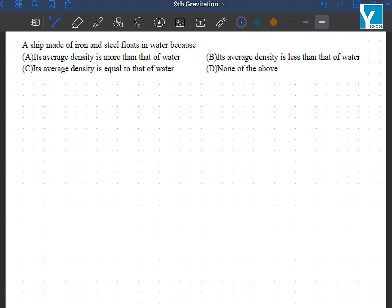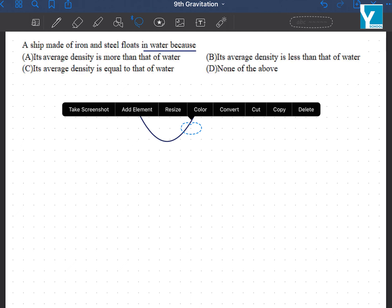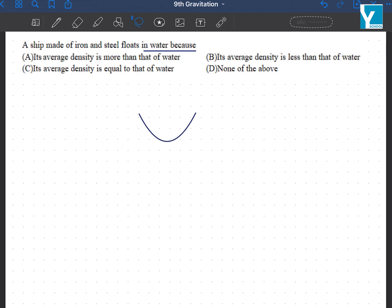A ship made of iron and steel floats in water because the shape of the ship gives it a lesser average density.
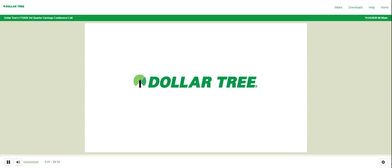Good day and welcome to the Dollar Tree Inc.'s Third Quarter Earnings Conference Call. Today's conference is being recorded. At this time, I would like to turn the conference over to Mr. Randy Guiler, VP Investor Relations. Please go ahead, sir.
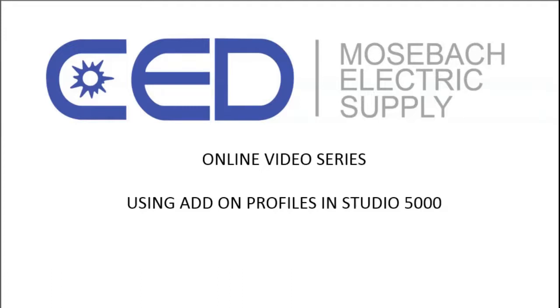Welcome once again to CED Mosbaugh's online video series. This topic is using add-on profiles in Studio 5000.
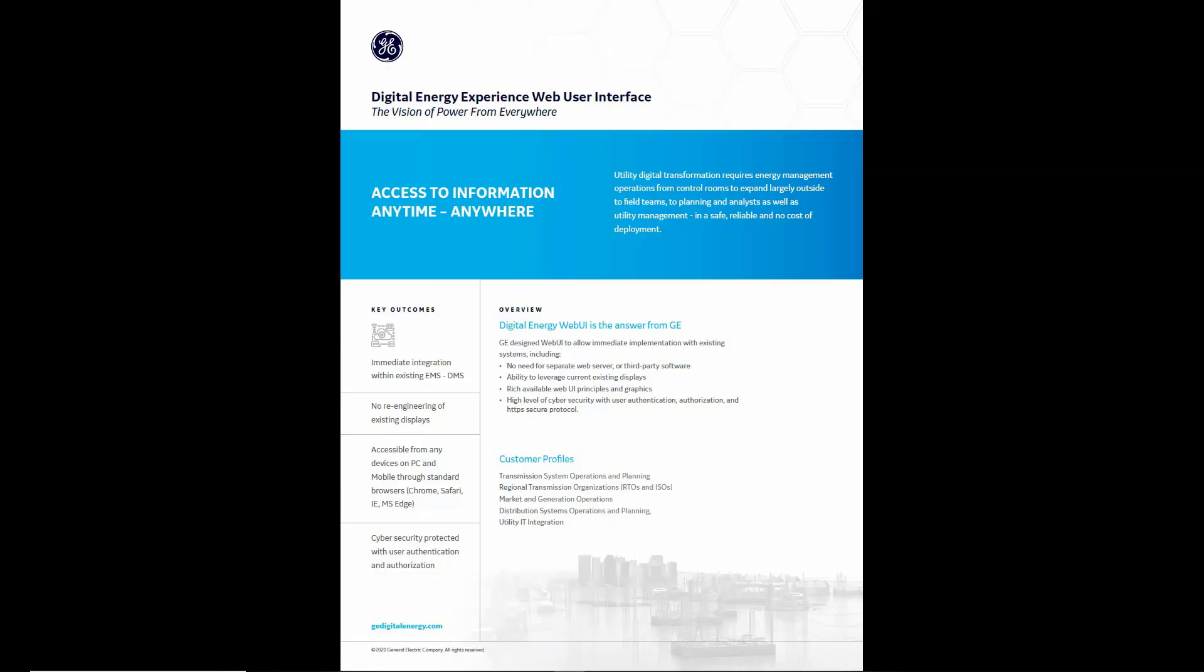Welcome to this presentation on Digital Energy Experience Web User Interface. You may have heard of GIX, so this is the solution that GE provides to allow remote access to remote users in a secured and read-only manner.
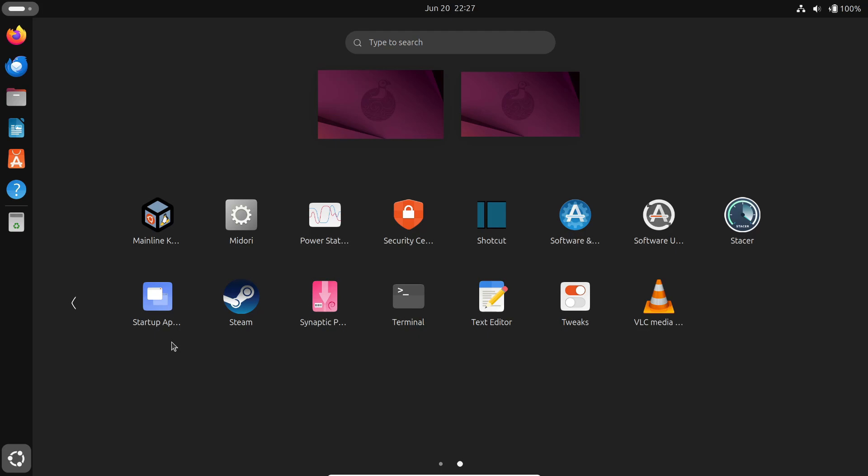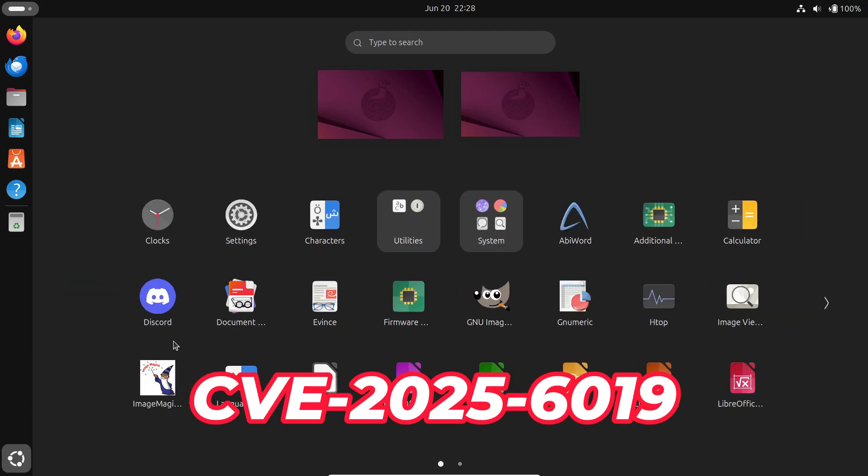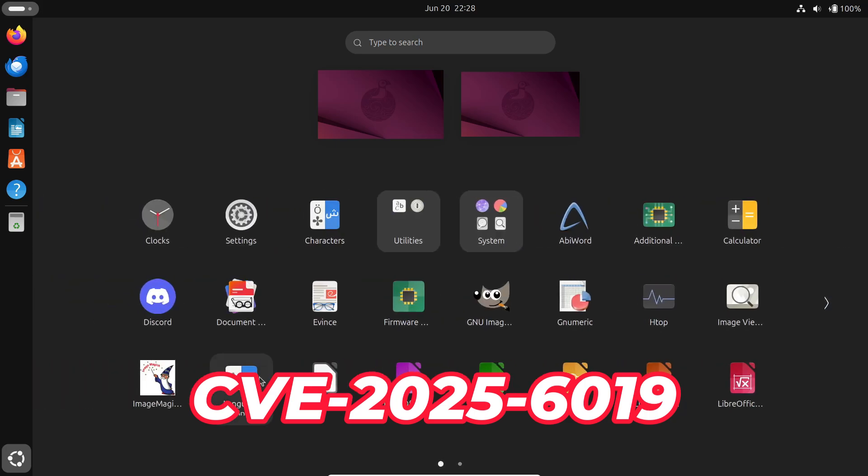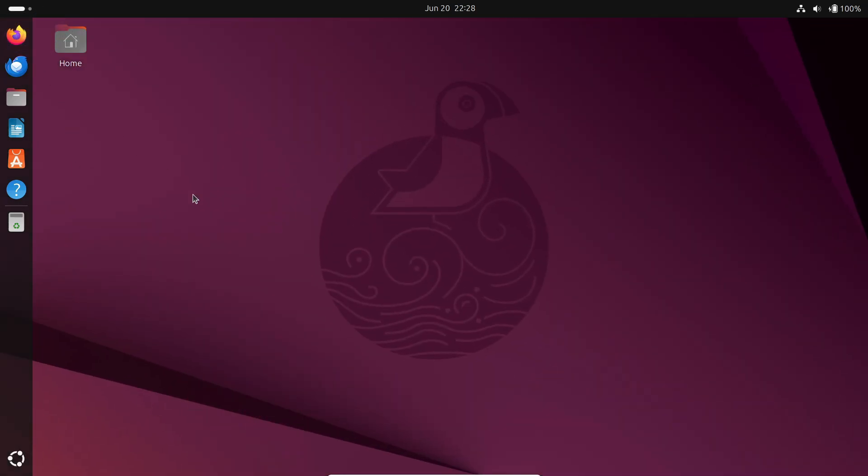The second bug, CVE-2025-6019, resides in LibLockDev. It enables a PolicyKit active user to escalate privileges to root via the Udisks daemon.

- _Work to complete_: Only these lines belong in the answer: the first line of the listing above through the line holding "Welcome once again", printed exactly and without pictures.

- _Problem solution_:
A ship made of iron and steel floats in water because the shape of the ship gives it a lesser average density.
Good day and welcome to the Dollar Tree Inc.'s Third Quarter Earnings Conference Call. Today's conference is being recorded. At this time, I would like to turn the conference over to Mr. Randy Guiler, VP Investor Relations. Please go ahead, sir.
Welcome once again to CED Mosbaugh's online video series. This topic is using add-on profiles in Studio 5000.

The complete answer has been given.